In short, for all the alleged pressure of playing in Toronto, Leafs players know how amazingly good they have it.
So why would anyone want to leave?
But the point Sundin makes about not believing in the “rent a player” concept now long-steeped in NHL lore is a good one.
We should not believe it. Example No. 1: Ray Bourque winning a Stanley Cup as a member of the Colorado Avalanche.
Anyone remember that? You do, because it happened. But do you, really? Did it not give you pause to read “Ray Bourque and Colorado Avalanche” in the same sentence?
They are not connected. They just happened to exist together for a time. An artificially manufactured time.
Ray Bourque is forever a Boston Bruin and while nobody has asked, it’s difficult to believe he would not rather have won a Stanley Cup as a member of the Bruins, a team to which he meant so much — and a team with which he stayed for many years (and was, too, criticized for doing so, for accepting less money to do so) when he quite likely could have gone elsewhere.

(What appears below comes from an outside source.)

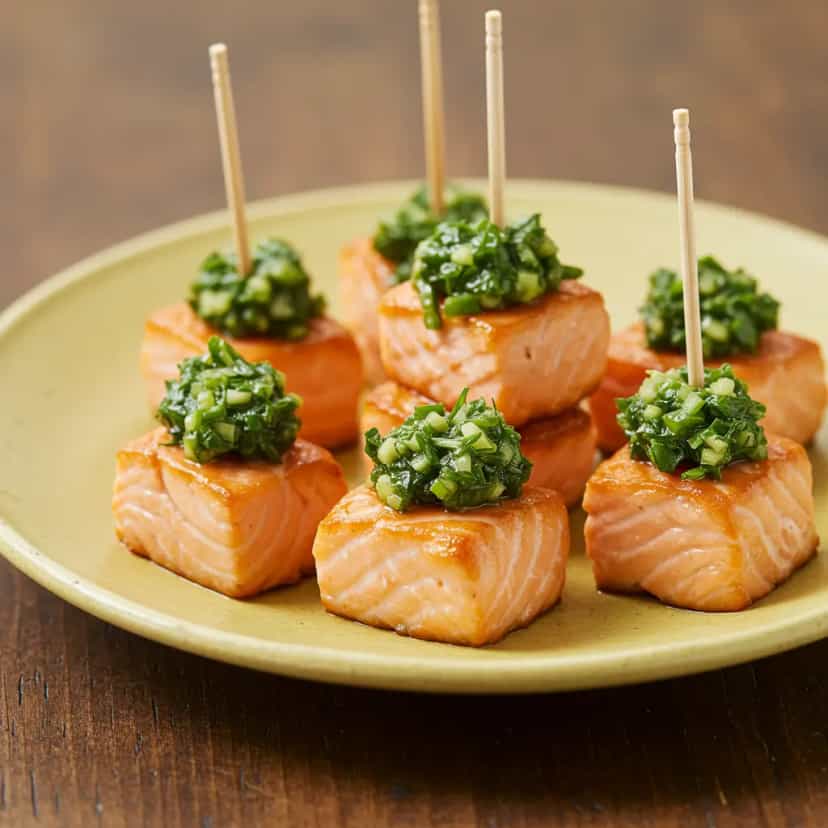 Foto deliciosa de Salmão em cubos com Molho de Azeitonas pronta para servir - Outras Receitas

That is what is happening with Sundin, who correctly stated that the journey — not necessarily the end result of simply becoming a member of a loaded team on the cusp of Stanley Cup success — is the important thing.
Not for him the back-door route to a title. How satisfying would that really be?
If that means Sundin, and others like him, is not ever to win a Stanley Cup, so be it. Many great players — in all sports — have dealt with similar circumstances and survived.
Does it make them lesser players? Of course not. There are many marginal players, for instance, who have ridden the talents of others to multiple championships but could not, figuratively, tie the skate laces of the likes of Sundin. For those like Sundin, not winning their ultimate team-sport prize merely means they were not part of the unique circumstance, the unique melding of talent and timing, that results in championships.
There is no law stating that everyone is owed one.